No hay una Iglesia de los pobres y otra de los ricos, sino una sola comunidad eclesial. De ahí que San Pablo subrayara la importancia de ser “todo para todos” (1 Corintios 9, 22). El sentido de pertenencia -en base al bautismo- nunca podrá estar condicionado o determinado por un status socioeconómico. Que la pastoral sea metodológicamente distinta según el contexto del que se trate es normal, pues varían las inquietudes de los destinatarios. Aunque un joven de un contexto rural tenga muchas cosas en común con uno que vive en la ciudad, es un hecho que se verán envueltos en diferentes dudas y necesidades, pues el ambiente influye en la historia y en el proceso de cada persona. Por lo tanto, es natural que existan diferentes vías de abordar el tema de la evangelización, tomando en cuenta la realidad de cada lugar. El problema se da cuando se etiqueta a los creyentes, juzgándolos a través de criterios económicos y a menudo resentidos. La pobreza no es un sinónimo de falta de honradez, como tampoco lo es la riqueza, ya que el bien y el mal existen en ambas partes. De ahí que sea importante abstenerse de juzgar la moral de las personas por las apariencias. Lamentablemente, se ha mal interpretado la opción por los pobres, dando a entender que no hay lugar en la Iglesia para las personas que –entre otras cosas- se encuentran involucradas con el sector político o empresarial.

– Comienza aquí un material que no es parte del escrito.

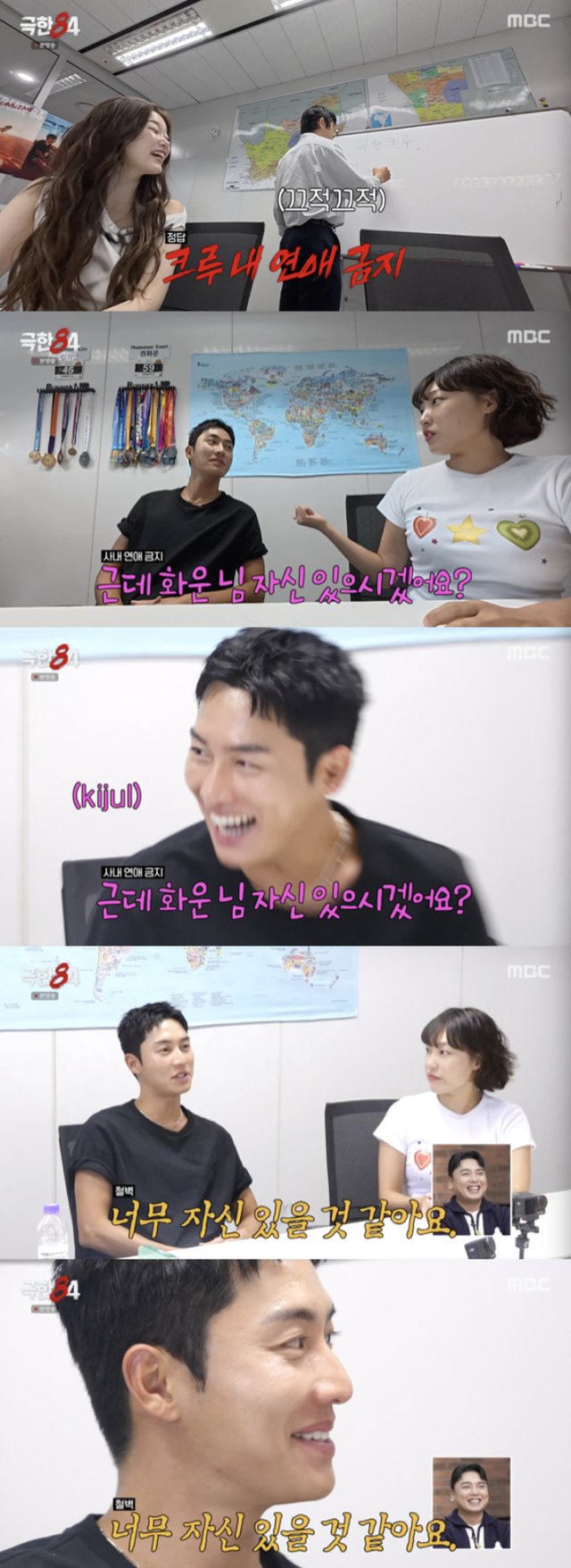 /사진='극한84' 방송화면 캡쳐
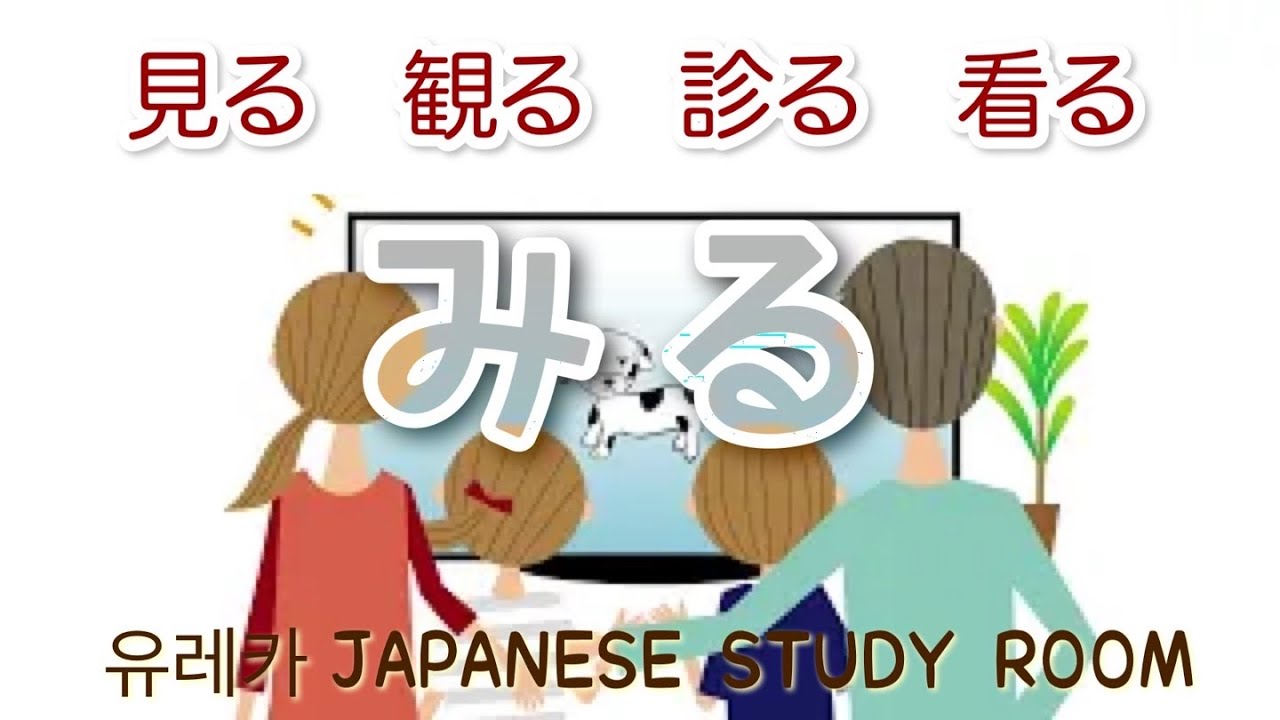 🟤한자 みる [見る、観る、診る、看る] - YouTube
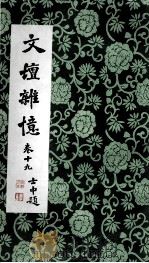 文坛杂忆  卷19（ PDF版）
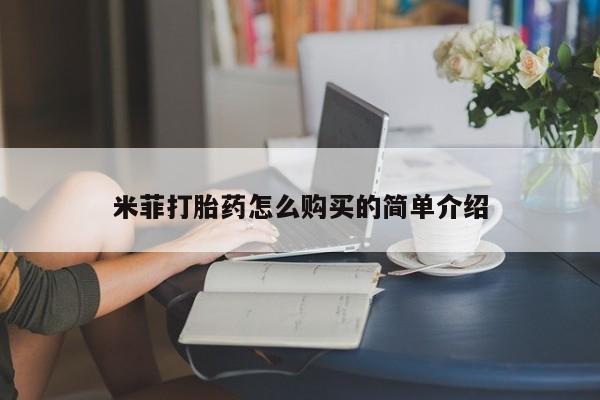 私人打胎药网店米菲打胎药怎么购买的简单介绍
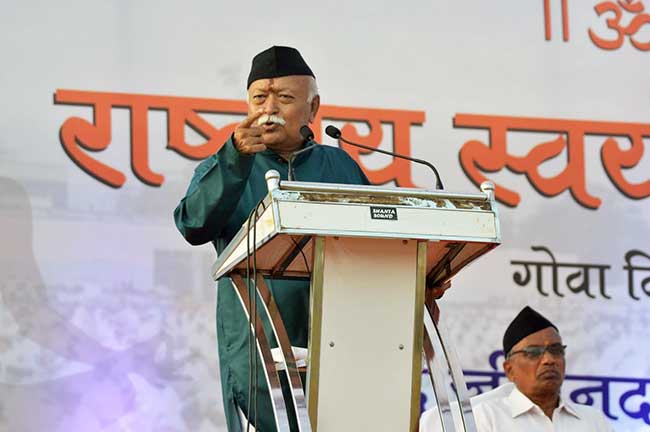 Mohan Bhagwat urges people to join Sangh for unifying society, strengthening nation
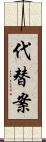 代替案 Scroll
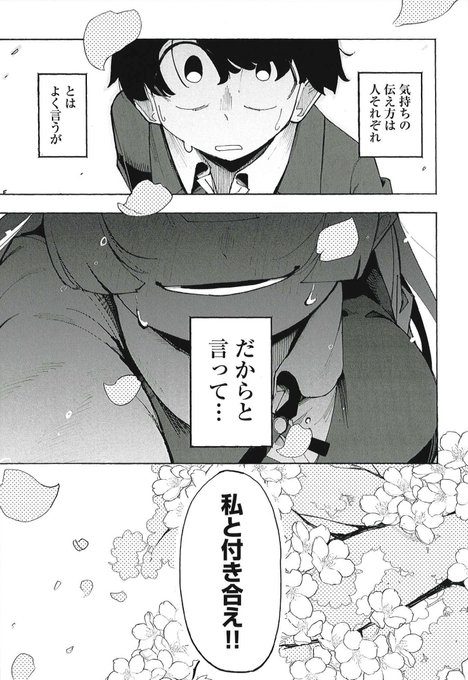 でっかい生徒会長に告白された話(1/2) #漫画が読めるハッシュタグ 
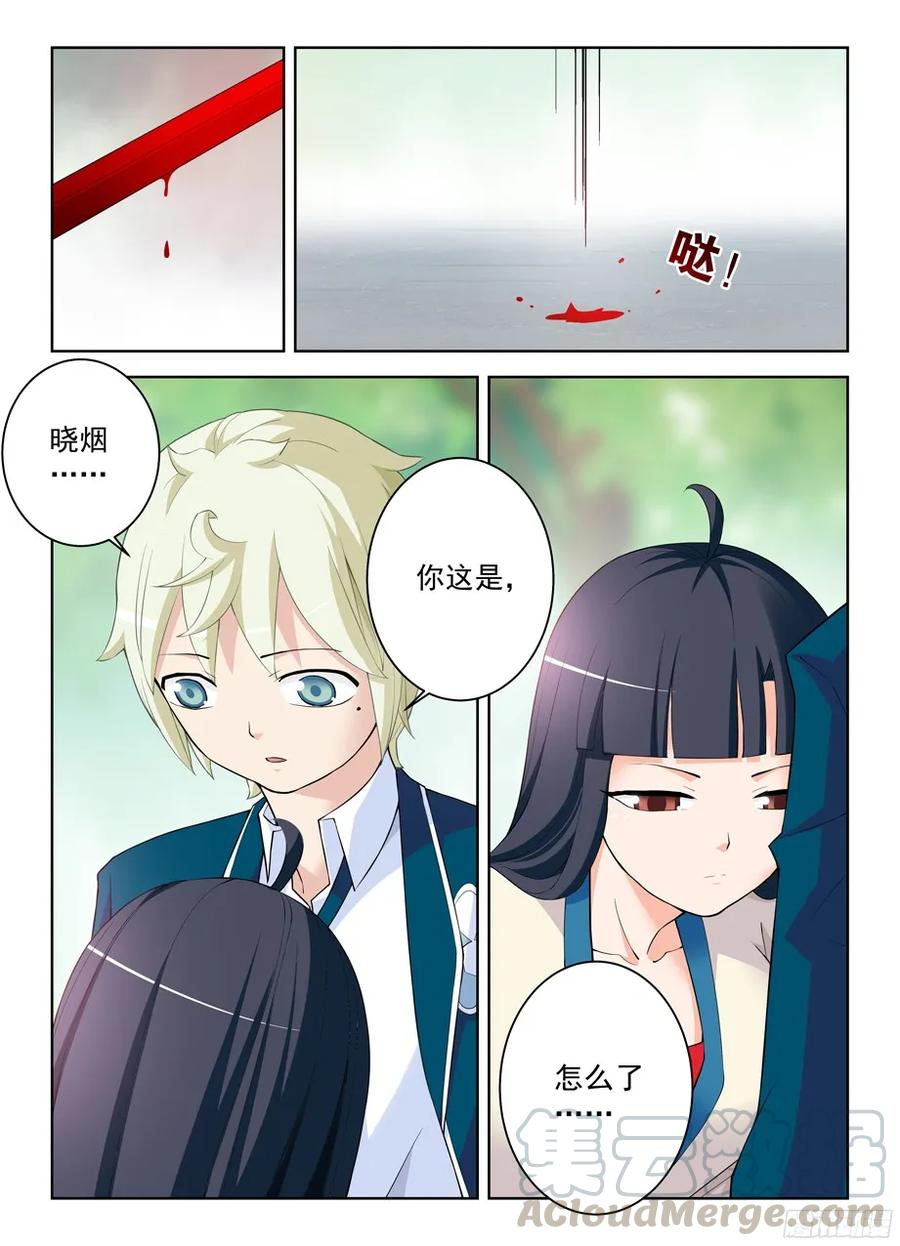 315,插入你身体的真相6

No se trata de provocar una lucha de clases sociales, sino de construir puentes de solidaridad para que los que más tienen apoyen la educación y, por ende, el desarrollo integral de los que se encuentran inmersos en la pobreza, sin que esto signifique que la Iglesia vea con malos ojos a todos aquellos que con mucho esfuerzo han logrado progresar y construir un buen patrimonio.
Por otro lado, no hay que perder de vista que el drama de la pobreza es tan complejo que no solo se refiere a cuestiones materiales, sino a la falta de sentido en el que se mueven muchas personas de diferentes estratos sociales, lo que se refleja en un alto índice de suicidios. Esto demuestra la necesidad de que la Iglesia –a través de su estructura- se haga presente en todas partes. Tanto en las periferias, como en los grandes fraccionamientos residenciales. No faltan los que afirman que los colegios católicos deberían cerrar en las grandes metrópolis e irse a las periferias, sin embargo, el planteamiento tendría que girar en una dirección más realista y constructiva: permanecer en el contexto urbano y, valiéndose de sus ingresos, sostener nuevas instituciones educativas en las zonas de exclusión. Lo anterior, daría lugar a una economía solidaria, verdaderamente identificada con la opción por los pobres, sin abandonar a los educandos urbanos. Que los colegios con mayor alumnado, sostengan a los que se encuentran pasando por momentos difíciles. Cerrar una escuela –so pretexto de ser una institución de los mal llamados “niños bien”- no resuelve el problema de la pobreza, pues ¿cómo mantener las redes educativas que se tienen en las periferias, renunciando al sustento económico que aportan los colegios católicos de las ciudades? Resulta ilógico y contrario a los intereses del verdadero desarrollo social de los pueblos.
Si llega un joven rico a la pastoral juvenil, ¿habría que cerrarle las puertas y acusarlo de poderoso recalcitrante? Por supuesto que no, sin embargo, cuando se sustituye el evangelio por la sociología de porte marxista, ¡se llega al exceso de excluir a quienes viven en un entorno más completo desde el punto de vista material! La Iglesia es una y, por ende, en ella caben todos. Tanto los pobres, como los ricos. Cristo no veía monedas en los bolsillos, sino personas de carne y hueso.